Don't worry about PH so much. Don't try to alter your PH as that can bring on algae.

I have a 1G bowl that has MG capped with PFS. I let the bowl sit for a good 4 weeks before putting any living creatures in. Ever since it's been up and running, I've done minimal water changes on it and only top off as needed.

Just let the tank sit and everything will be fine in the long run


----------



## Qwedfg (Mar 7, 2012)

Thanks for the reply

I was not planning on adding anything for another week or two. My stocking plans for this tank are a neocardina species to be named later (tough decision). I have never kept freshwater shrimp before so I am a little apprehensive about making sure I get it right.

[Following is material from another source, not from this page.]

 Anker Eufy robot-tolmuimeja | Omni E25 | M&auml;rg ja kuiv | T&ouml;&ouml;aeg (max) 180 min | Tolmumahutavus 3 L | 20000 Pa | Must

Does anyone have any experience or know a good thread about someone growing HC in a walstad bowl. I have seen a page in which Diania Walstad tries it out and has success as well as a bowl on here that seemed to have some surviving at least. I have had some HC growing in an emersed setup for a while now and would like to put it to some use. If this is possible I was wondering what type of lighting you would recommend. Right now I am just using the stock lamp that came with the evolve 2 gallon for moss and duckweed but its pretty wimpy.

edit

Seems people are successfully growing HC in NPT..found this http://www.aquaticplantcentral.com/forumapc/el-natural/48757-walstad-nano-iwagumi.html


----------



## Willamette (Jun 19, 2012)

I think I too read the article about the emersed start HC for the shrimp. She is getting her CO2 via the decomp of the soil, and I think was still using moderate light. The trick was the floating plants, I think. 

And ya, don't worry so much about the pH. Eventually it'll settle where it settles, and especially with such a small volume of water actually trying to manage it is self defeating.


----------



## Qwedfg (Mar 7, 2012)

So I went ahead and planted some hc, DHG and microsword as well as upgraded my lighting to a 15w CFL about 4 inches above the waterline. I have been dosing 6 drops of excel per day and 1 or 2 drops of flourish comp every other day. Too soon to tell whether its going to work or not. I do think the duckweed is going to be key. In my high tech tank my nitrates are always zero (was starting to think test was broken...) so when I tested this one and saw orange for the first time I went ahead and added some more duckweed  . Hopefully there will be no algae, I got a 10w light as well in case 15 is too much.

I will also wait out the pH and not worry about it so much. I have read people keeping RCS in pretty high pH so Im not that worried. I think I might give the tank more time than I expected so the HC can root and to see where the pH goes. I did some reading and it seems that I was correct in my assumption that the pH will go down as the soil starts to kick in. From what Ive read this can take a couple weeks.


----------